### Collection entries
________________________

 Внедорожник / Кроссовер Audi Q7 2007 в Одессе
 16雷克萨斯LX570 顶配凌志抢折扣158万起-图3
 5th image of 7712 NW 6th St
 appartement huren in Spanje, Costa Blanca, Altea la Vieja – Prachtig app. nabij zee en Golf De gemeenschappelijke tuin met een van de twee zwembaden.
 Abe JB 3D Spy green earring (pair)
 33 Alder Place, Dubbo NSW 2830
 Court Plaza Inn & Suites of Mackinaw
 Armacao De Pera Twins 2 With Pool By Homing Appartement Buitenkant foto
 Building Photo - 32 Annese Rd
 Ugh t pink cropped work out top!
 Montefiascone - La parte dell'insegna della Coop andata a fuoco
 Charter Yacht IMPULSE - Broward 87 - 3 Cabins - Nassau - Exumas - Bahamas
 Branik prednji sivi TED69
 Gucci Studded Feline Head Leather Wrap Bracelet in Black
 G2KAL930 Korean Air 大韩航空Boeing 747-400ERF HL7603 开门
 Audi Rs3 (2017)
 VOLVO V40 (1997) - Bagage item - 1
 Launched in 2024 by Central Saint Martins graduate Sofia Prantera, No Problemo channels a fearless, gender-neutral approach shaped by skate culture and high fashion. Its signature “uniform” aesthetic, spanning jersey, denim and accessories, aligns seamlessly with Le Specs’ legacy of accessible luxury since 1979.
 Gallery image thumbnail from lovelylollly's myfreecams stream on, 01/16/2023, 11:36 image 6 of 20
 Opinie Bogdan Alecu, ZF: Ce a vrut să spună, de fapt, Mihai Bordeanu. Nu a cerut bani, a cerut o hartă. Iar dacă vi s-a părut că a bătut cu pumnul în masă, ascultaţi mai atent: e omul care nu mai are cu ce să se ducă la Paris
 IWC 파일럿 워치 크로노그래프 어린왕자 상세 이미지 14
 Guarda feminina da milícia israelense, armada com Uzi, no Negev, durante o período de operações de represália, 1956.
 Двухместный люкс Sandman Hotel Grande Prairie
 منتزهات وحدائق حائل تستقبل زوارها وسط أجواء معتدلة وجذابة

________________________

### TASK TO CARRY OUT
Only the lines from the one containing "Court Plaza Inn & Suites of Mackinaw" through the last line of the records are to be set down, exactly as they appear.

### EXERCISE ANSWER
 Court Plaza Inn & Suites of Mackinaw
 Armacao De Pera Twins 2 With Pool By Homing Appartement Buitenkant foto
 Building Photo - 32 Annese Rd
 Ugh t pink cropped work out top!
 Montefiascone - La parte dell'insegna della Coop andata a fuoco
 Charter Yacht IMPULSE - Broward 87 - 3 Cabins - Nassau - Exumas - Bahamas
 Branik prednji sivi TED69
 Gucci Studded Feline Head Leather Wrap Bracelet in Black
 G2KAL930 Korean Air 大韩航空Boeing 747-400ERF HL7603 开门
 Audi Rs3 (2017)
 VOLVO V40 (1997) - Bagage item - 1
 Launched in 2024 by Central Saint Martins graduate Sofia Prantera, No Problemo channels a fearless, gender-neutral approach shaped by skate culture and high fashion. Its signature “uniform” aesthetic, spanning jersey, denim and accessories, aligns seamlessly with Le Specs’ legacy of accessible luxury since 1979.
 Gallery image thumbnail from lovelylollly's myfreecams stream on, 01/16/2023, 11:36 image 6 of 20
 Opinie Bogdan Alecu, ZF: Ce a vrut să spună, de fapt, Mihai Bordeanu. Nu a cerut bani, a cerut o hartă. Iar dacă vi s-a părut că a bătut cu pumnul în masă, ascultaţi mai atent: e omul care nu mai are cu ce să se ducă la Paris
 IWC 파일럿 워치 크로노그래프 어린왕자 상세 이미지 14
 Guarda feminina da milícia israelense, armada com Uzi, no Negev, durante o período de operações de represália, 1956.
 Двухместный люкс Sandman Hotel Grande Prairie
 منتزهات وحدائق حائل تستقبل زوارها وسط أجواء معتدلة وجذابة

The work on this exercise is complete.